The matrix \mathbf{A} is the result of a FE mesh with hexahedral elements of a solid mechanics problem, with 3 degrees of freedom (DoFs) per node. I have Dirichlet boundary conditions on the boundary and free internal nodes, thus the problem is constructed as follows
\mathbf{A} = \mathbf{Kt}[\textrm{iDoFs},\textrm{iDoFs}]\\
\mathbf{r} = \mathbf{Kt}[\textrm{iDoFs},\textrm{bDoFs}]\mathbf{s}[\textrm{bDoFs}]
where \mathbf{Kt} is the stiffness matrix of the entire domain, \textrm{bDoFs} are the indices of the boundary DoFs and \textrm{iDoFs} are the indices of the internal DoFs, \mathbf{s} is the entire DoFs vector. \mathbf{A} is Hermitian, with size(A)=(162372, 162372)
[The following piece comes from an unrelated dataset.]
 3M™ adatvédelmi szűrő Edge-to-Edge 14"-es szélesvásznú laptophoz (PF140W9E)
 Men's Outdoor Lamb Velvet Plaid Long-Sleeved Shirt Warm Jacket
Depending on the position of the element, whether internal or on the boundary, each node can be surrounded from 1 up to 8 elements, which decides the number of of non zero entries per each row of the matrix, all diagonal entries are non zero. It is a quite structured matrix, which is difficult to obtain by random generation, if it helps can share the matrix and the vectors as JLD2
files.
This is what I tried
u = @btime A\r
@show norm(r-A*u);
3.843 s (52 allocations: 1.39 GiB)
norm(r - A * u) = 5.766109468498555e-12
u = @btime lu(A)\r
@show norm(r-A*u);
10.340 s (72 allocations: 2.39 GiB)
norm(r - A * u) = 4.227052608619862e-12
then with LinearSolve.jl
prob = LinearProblem(A,r);
sol = @btime LinearSolve.solve(prob, UMFPACKFactorization())
@show norm(r-A*sol.u);
10.984 s (94 allocations: 2.71 GiB)
norm(r - A * sol.u) = 4.227052608619862e-12
then using precodintioners from AlgebraicMultigrid.jl
with Krylov methods I get
m = AlgebraicMultigrid.ruge_stuben(A)
p = AlgebraicMultigrid.aspreconditioner(m)
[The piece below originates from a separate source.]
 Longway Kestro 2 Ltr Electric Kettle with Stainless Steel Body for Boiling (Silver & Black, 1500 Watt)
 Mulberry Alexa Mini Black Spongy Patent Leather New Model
sol = @btime LinearSolve.solve(prob, LinearSolve.KrylovKitJL_GMRES(), Pl=p)
@show norm(r-A*sol.u);
51.581 s (603 allocations: 471.36 MiB)
norm(r - A * sol.u) = 7.902120848944424e-5
and
m = AlgebraicMultigrid.smoothed_aggregation(A)
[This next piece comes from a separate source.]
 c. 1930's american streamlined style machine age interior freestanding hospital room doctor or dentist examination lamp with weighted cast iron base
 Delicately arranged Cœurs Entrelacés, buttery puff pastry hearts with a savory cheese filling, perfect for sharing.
p = AlgebraicMultigrid.aspreconditioner(m)
sol = @btime LinearSolve.solve(prob, LinearSolve.KrylovKitJL_GMRES(), Pl=p)
@show norm(r-A*sol.u);
46.302 s (613 allocations: 477.56 MiB)
norm(r - A * sol.u) = 0.0001005812834686952
all of these have run on Jupyter-lab
notebook with a single thread. Different runs of @btime
differ of up to 1 sec.
Please do let me know if you have any question or need more information.
side note: lu
and UMFPACKFactorization()
terminate on the same solution:
sol = LinearSolve.solve(prob, UMFPACKFactorization())
u = lu(A)\r
@show norm(u-sol.u);
norm(u - sol.u) = 0.0